I'd like to calculate the volume of a right circular cone via my way.

If I have a right-triangle with base $D$ and height $H$ then its area is $\frac{1}{2}HD$. Now if we imagine rotating this shape through space about the $z$ axis then we know it will trace out the cone I desire. Appropriate integration will give me this volume: $$\int \frac{1}{2}HD $$

The hard part, obviously, is filling in the details.
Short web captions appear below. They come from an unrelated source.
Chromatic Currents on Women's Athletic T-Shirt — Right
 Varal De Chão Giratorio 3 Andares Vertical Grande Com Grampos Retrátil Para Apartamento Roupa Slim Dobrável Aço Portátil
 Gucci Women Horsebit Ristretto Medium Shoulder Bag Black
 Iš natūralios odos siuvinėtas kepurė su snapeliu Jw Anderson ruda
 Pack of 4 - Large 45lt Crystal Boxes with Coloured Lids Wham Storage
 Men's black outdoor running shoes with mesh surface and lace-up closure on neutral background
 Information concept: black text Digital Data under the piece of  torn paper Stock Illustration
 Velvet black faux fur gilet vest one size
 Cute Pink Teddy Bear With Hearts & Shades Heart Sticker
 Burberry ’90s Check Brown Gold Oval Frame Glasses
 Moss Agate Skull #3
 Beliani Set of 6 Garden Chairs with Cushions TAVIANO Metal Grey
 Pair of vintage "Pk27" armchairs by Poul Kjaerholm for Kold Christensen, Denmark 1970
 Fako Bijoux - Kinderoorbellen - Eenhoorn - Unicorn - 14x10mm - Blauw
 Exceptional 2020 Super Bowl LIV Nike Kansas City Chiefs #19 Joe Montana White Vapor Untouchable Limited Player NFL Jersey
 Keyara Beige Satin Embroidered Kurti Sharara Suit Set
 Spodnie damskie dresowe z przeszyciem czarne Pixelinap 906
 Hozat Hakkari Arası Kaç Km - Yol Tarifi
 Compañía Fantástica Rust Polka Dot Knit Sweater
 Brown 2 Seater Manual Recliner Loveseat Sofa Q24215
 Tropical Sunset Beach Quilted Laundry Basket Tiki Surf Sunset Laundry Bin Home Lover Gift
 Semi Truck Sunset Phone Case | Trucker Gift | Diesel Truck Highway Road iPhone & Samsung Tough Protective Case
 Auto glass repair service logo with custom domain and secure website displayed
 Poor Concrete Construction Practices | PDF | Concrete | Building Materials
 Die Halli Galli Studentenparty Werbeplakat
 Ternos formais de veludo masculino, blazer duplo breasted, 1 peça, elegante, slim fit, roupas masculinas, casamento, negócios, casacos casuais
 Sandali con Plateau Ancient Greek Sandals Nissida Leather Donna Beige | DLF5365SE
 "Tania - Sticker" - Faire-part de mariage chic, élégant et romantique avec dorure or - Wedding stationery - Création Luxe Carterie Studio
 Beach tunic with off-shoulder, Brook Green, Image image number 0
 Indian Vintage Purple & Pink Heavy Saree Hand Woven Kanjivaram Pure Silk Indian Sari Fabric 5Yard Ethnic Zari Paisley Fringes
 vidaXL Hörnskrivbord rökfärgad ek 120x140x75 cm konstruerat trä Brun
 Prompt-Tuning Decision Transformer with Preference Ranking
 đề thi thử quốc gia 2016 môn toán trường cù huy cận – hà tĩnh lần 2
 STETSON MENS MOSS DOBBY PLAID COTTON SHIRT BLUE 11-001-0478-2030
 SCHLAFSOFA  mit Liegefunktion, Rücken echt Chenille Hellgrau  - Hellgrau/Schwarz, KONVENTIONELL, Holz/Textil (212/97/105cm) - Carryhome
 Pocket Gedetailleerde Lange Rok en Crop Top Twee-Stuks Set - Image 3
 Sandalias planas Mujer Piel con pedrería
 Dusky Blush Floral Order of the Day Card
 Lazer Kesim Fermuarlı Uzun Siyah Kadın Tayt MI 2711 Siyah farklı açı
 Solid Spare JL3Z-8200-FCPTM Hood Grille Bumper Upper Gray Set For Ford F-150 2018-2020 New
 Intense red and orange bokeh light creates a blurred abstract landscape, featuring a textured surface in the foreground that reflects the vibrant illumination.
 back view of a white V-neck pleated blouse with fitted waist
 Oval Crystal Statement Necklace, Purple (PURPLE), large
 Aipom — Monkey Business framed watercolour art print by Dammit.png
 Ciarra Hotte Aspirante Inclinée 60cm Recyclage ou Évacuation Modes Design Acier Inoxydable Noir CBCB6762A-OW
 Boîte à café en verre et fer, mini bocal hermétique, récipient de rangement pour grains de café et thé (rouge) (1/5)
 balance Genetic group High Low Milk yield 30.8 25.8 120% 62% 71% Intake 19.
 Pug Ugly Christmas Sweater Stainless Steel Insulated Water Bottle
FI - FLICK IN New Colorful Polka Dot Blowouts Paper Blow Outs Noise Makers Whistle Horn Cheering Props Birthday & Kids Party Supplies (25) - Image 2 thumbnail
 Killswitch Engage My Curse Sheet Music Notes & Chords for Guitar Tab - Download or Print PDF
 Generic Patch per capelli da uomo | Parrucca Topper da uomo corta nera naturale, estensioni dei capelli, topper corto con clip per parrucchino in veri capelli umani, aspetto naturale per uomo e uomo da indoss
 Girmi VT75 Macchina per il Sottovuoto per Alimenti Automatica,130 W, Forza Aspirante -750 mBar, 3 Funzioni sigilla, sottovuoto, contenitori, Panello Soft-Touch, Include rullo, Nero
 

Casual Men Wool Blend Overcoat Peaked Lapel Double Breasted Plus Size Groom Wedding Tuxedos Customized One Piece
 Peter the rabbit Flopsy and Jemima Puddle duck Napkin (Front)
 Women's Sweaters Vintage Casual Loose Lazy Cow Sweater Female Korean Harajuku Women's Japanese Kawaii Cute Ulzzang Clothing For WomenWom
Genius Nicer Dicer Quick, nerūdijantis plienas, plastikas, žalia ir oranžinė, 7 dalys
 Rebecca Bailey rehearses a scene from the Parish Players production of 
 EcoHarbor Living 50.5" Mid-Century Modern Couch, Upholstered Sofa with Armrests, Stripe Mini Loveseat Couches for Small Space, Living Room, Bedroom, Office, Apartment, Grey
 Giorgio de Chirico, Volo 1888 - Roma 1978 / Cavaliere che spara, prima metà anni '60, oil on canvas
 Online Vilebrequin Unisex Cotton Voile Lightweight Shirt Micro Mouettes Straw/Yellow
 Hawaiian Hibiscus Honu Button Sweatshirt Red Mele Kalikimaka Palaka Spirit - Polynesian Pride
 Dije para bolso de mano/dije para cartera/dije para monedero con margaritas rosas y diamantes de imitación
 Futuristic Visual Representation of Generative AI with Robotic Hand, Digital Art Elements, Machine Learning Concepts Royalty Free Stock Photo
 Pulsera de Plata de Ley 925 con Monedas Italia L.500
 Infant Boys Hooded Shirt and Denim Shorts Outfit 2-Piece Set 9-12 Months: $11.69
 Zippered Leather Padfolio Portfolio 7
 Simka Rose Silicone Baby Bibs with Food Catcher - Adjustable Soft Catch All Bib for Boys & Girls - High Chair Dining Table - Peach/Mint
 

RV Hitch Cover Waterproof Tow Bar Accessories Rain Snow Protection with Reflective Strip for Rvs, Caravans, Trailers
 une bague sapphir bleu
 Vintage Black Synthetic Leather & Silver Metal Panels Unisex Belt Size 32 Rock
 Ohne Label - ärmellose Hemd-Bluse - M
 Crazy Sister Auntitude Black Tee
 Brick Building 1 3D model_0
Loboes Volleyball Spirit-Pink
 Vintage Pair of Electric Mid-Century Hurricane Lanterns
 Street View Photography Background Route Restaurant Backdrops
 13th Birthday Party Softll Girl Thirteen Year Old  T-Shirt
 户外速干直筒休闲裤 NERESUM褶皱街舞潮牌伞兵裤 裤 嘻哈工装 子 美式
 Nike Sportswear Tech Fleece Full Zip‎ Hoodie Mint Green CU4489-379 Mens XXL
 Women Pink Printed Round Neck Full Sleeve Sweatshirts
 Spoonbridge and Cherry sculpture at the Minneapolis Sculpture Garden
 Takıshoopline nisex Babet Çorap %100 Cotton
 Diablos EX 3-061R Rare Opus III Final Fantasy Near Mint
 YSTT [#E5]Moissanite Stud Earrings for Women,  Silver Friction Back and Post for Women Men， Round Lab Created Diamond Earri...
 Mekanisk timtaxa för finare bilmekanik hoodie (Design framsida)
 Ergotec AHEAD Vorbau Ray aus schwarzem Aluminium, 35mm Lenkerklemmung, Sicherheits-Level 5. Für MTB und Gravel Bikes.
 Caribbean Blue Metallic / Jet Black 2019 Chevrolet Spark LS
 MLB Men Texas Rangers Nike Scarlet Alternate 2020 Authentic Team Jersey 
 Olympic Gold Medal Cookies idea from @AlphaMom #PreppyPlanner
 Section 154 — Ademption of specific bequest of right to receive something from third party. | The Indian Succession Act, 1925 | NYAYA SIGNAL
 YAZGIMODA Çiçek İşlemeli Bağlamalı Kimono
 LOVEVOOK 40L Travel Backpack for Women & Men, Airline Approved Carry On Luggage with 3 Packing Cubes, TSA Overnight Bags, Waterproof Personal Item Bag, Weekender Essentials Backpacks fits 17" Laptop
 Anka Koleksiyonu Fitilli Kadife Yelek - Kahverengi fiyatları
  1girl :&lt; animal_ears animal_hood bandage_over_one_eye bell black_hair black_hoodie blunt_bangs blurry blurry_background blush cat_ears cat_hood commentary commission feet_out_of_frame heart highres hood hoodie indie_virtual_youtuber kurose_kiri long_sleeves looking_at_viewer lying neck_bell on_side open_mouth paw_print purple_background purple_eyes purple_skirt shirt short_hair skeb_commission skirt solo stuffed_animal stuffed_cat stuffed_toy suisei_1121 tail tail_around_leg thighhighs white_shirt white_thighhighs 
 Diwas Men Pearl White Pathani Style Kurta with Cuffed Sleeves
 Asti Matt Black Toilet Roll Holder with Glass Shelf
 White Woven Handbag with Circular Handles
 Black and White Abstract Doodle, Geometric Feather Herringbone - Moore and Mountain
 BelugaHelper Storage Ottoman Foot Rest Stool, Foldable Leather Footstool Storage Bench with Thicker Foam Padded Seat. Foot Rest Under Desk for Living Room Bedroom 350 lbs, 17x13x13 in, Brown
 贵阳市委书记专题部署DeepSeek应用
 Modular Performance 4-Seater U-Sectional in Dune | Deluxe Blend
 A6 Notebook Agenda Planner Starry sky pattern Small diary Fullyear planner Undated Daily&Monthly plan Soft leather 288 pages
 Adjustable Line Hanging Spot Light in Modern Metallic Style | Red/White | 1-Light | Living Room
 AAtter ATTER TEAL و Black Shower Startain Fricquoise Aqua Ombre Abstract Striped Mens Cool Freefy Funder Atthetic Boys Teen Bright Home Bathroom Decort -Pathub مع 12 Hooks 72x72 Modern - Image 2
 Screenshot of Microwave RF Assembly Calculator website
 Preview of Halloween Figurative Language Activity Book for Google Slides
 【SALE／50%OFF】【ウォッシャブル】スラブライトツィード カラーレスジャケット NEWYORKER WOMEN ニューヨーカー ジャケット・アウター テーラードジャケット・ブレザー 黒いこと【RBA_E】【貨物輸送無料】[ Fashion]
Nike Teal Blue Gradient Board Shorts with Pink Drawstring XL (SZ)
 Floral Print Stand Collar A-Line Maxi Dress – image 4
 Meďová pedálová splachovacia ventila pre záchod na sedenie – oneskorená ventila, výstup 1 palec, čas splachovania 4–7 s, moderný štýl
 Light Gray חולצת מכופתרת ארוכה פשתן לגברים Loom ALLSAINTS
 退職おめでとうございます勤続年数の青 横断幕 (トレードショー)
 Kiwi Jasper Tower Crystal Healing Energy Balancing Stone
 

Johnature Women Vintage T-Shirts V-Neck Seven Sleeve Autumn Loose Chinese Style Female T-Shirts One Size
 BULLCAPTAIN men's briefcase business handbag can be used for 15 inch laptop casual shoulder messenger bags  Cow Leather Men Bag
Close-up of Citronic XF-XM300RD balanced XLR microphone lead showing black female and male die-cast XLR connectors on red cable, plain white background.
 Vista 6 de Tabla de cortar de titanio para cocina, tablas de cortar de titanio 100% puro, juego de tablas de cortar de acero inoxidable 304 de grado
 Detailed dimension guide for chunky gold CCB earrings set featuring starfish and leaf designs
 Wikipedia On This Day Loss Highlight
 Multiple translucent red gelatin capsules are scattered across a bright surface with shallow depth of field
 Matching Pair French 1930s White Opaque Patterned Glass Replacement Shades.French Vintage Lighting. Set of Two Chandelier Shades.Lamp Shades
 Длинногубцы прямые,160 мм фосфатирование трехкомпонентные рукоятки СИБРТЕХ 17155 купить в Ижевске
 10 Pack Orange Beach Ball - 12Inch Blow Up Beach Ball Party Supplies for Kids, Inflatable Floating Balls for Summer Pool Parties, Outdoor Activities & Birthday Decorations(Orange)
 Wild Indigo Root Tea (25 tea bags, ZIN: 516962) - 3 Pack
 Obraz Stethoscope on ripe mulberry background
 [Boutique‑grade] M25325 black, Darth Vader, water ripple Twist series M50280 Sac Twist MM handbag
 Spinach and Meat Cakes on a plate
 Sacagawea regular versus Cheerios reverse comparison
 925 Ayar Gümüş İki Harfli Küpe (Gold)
So I suppose the best place to start is looking at $dx dy dz$, $$\int \int \int \frac{1}{2}HD dx dy dz$$ I'm imagining rotation about the $z$ axis such that $dz =0$ so we can simplify our integration a little: $$\int \int \frac{1}{2}HD dx dy$$ Now how about finding $dx$ and $dy$... If we imagine the following scenario:

then we can obviously approximate $dx = -y d\theta$ and $dy=xd\theta$ but in our case $y=H$ and $D=x$ such that $$\int_0^{2\pi}\int_0^{2\pi} \frac{1}{2}HD (-H d\theta) ( D d\theta)$$ $$\int_0^{2\pi}\int_0^{2\pi} -\frac{1}{2}H^2 D^2 d\theta d\theta $$ but this doesn't seem to work. Can you tell me where I went wrong and how I can fix this so that it will work how I intend?

Answer 1

Unless you are pursuing this multiple integral approach for a reason, why not just use the method of disks to compute the volume of the cone? (Video #28 here is a great resource.)

The triangle passes through the point $(0,H)$ and $(D,0)$; the line between these points is $y=-\frac{H}{D}x+H$, or equivalently, $x=-\frac{D}{H}y+D$ (this is the form we will need in a moment).

Then, using the method of disks, the volume of the cone is given by $$V=\int_0^H \pi\cdot(\text{radius})^2\,dy=\int_0^H \pi \left(-\frac{D}{H}y+D\right)^2\,dy=\frac{1}{3}\pi D^2H,$$ which is the well-known formula for the volume of a right circular cone of base radius $D$ and height $H$.